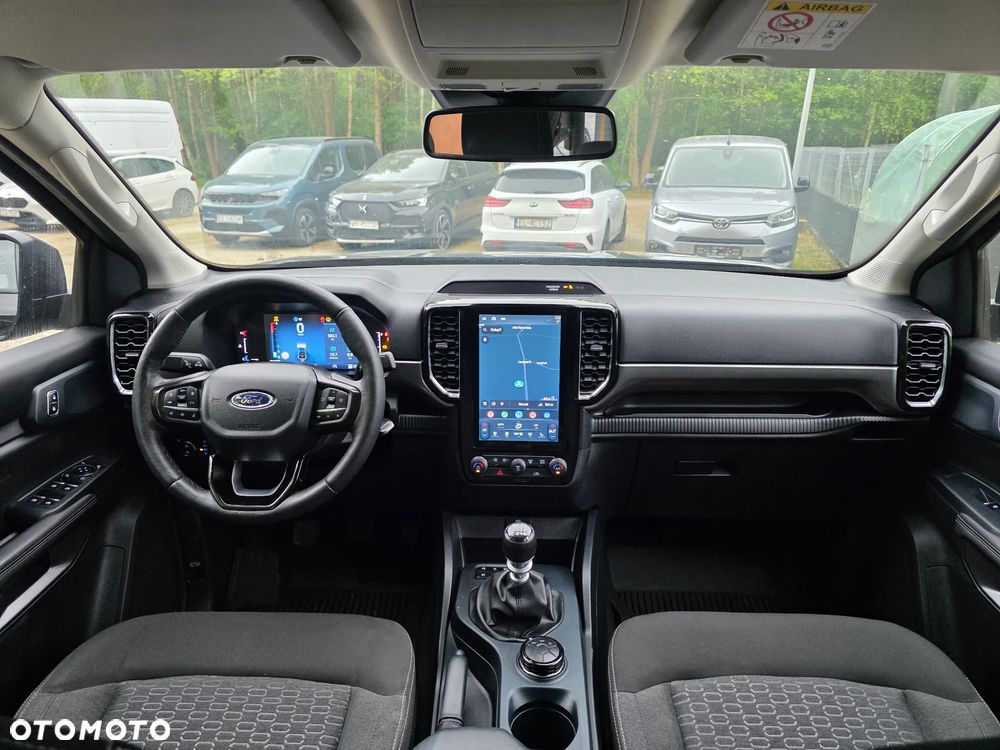 Ford Ranger 2.0 EcoBlue 4x4 DC XLT - 18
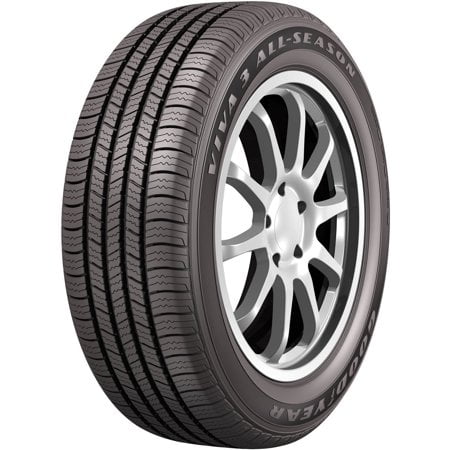Goodyear Tire Size Chart
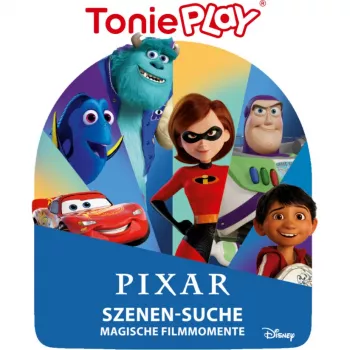 Tonies Tonieplay Gra Disney Pixar: Scene Search - Magical Movie Moments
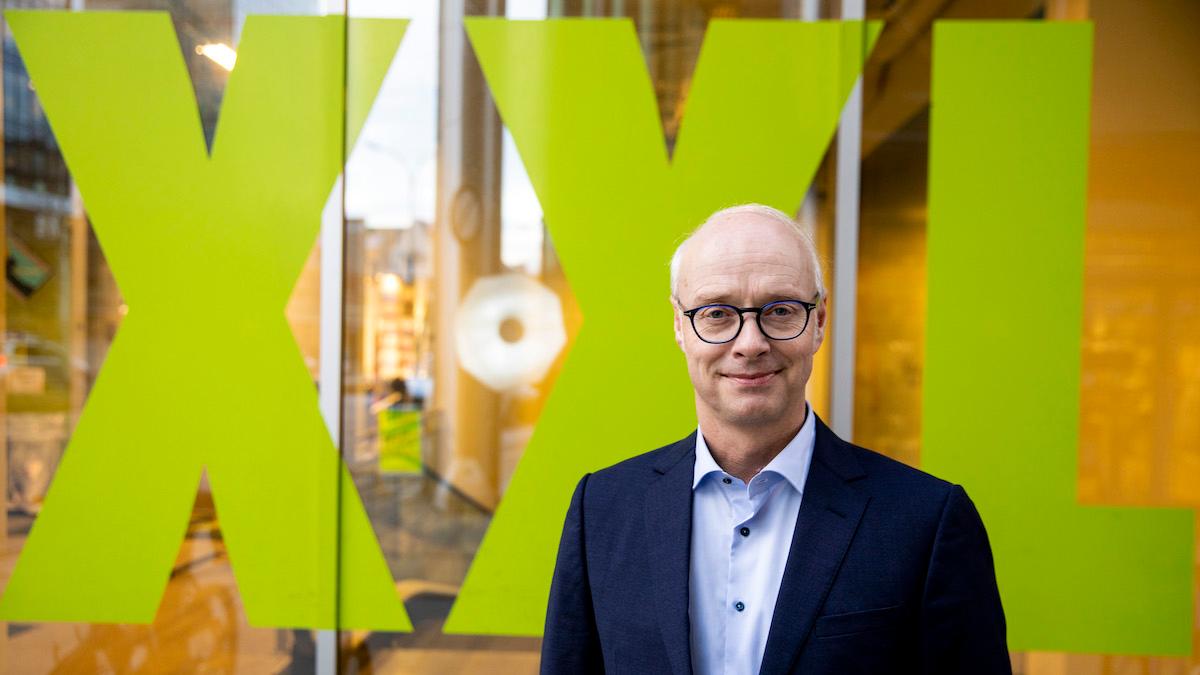 XXL: Pål Vibe slutar efter oenighet med styrelsen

- [Try it]:
Repeat the material exactly. Any picture in it should be dropped.

- [Exercise answer]:
 Ford Ranger 2.0 EcoBlue 4x4 DC XLT - 18
Goodyear Tire Size Chart
 Tonies Tonieplay Gra Disney Pixar: Scene Search - Magical Movie Moments
 XXL: Pål Vibe slutar efter oenighet med styrelsen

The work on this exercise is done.